Photo by Caroline Brady

Last month, a Dublin city councillor did something you wouldn’t expect an elected official to do.

“I’m clearly not putting this forward for votes,” said Fine Gael Dublin city councillor Paddy Smyth, before he introduced a motion to the council’s Transport Strategic Policy Committee that would likely cause the price of parking in some city-centre locations to rise.

But before you grab the torch and pitchfork, why not hear Smyth out?

His idea is to take a more free-market approach to setting the price of parking, one that lets the demand for parking on a certain street determine the price you pay for it.

“Basically, the idea is to either reduce the price until you reach 85 percent capacity, or increase the price until you get 85 percent capacity,” said Smyth, in a recent interview. “Therefore, anybody who wants to park on a road can, and they are charged the appropriate economic value for that space.”

So on city-centre shopping streets that are routinely chock-a-block with parked cars, the price of parking will go up until a few spots open up. On the streets with very few cars parked on them, the price will go down until more cars start to park there.

In the Footsteps of Donald Shoup

Smyth cites research done by Donald Shoup, a planning professor at University of California, Los Angeles (UCLA), who believes that getting the cost of parking right can not only better distribute parking around the city, but reduce congestion and pollution.

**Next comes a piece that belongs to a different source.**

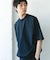 『吸水速乾／防シワ／抗ピリング／UVカット／イージーケア』DRYMIX クルーネック ショートスリーブ スウェットTシャツ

Shoup and his students observed driver behaviour in a 15-block business district in LA. They found that a lot of cars were doing circles looking for parking. On average, they found, cars looking for parking spent about 3.3 minutes in that endeavor, and traveled about half a mile in that time.

From these findings, Shoup and his students extrapolate that over the course of a year there were 950,000 vehicle-miles driven in that 15-block study area alone in search of cheap on-street car parking.

Circling for parking is not unique to LA. A study done in New York City found that about 30 percent of Midtown traffic was made up of cars looking for parking, while in the residential neighbourhood of Park Slope, Brooklyn that figure was even higher – 45 percent.

The problem, Shoup argues, is that the price of on-street parking is often cheaper than off-street parking garages. It’s a similar picture here, says Smyth. If you can save a few euro by parking on-street, it is rational to cruise around looking for a spot.

To stop this circling in search of parking, Shoup argues that on-street parking prices should rise or drop to meet demand. This will discourage drivers from circling the most attractive streets unless they really need to park there and encourage them to park on the typically empty streets instead.

San Francisco’s Experiment

San Francisco is the first city to put Shoup’s theory into practice. The San Francisco Municipal Transportation Agency (SFMTA) got funding from the US government to run their “SF Park” experiment.

The federal money bought new parking meters and sensors for a few San Francisco neighbourhoods. The sensors enable the SFMTA to determine street occupancy in real time, and the meters allow them to adjust the price according to occupancy. Parking rates can only be increased by 25 cents an hour, or decreased by 50 cents.

The experiment was a huge success, and SF Park produced a great report outlining their findings. In short, demand-responsive rate adjusting led to more parking availability, less congestion, and fewer vehicle miles driven in the city.

The price for parking did go up on some of the city’s most attractive streets, but wasn’t allowed to go above $6 an hour. On most streets however, the price went down, meaning that the overall average price of parking in the city went down.

But Business Owners Won’t Go for It Right?

If you expected the business community to be up in arms about this, you might be surprised. “I could see myself being supportive of it,” says Richard Guiney, CEO of DublinTown, who also sits on the Transport committee.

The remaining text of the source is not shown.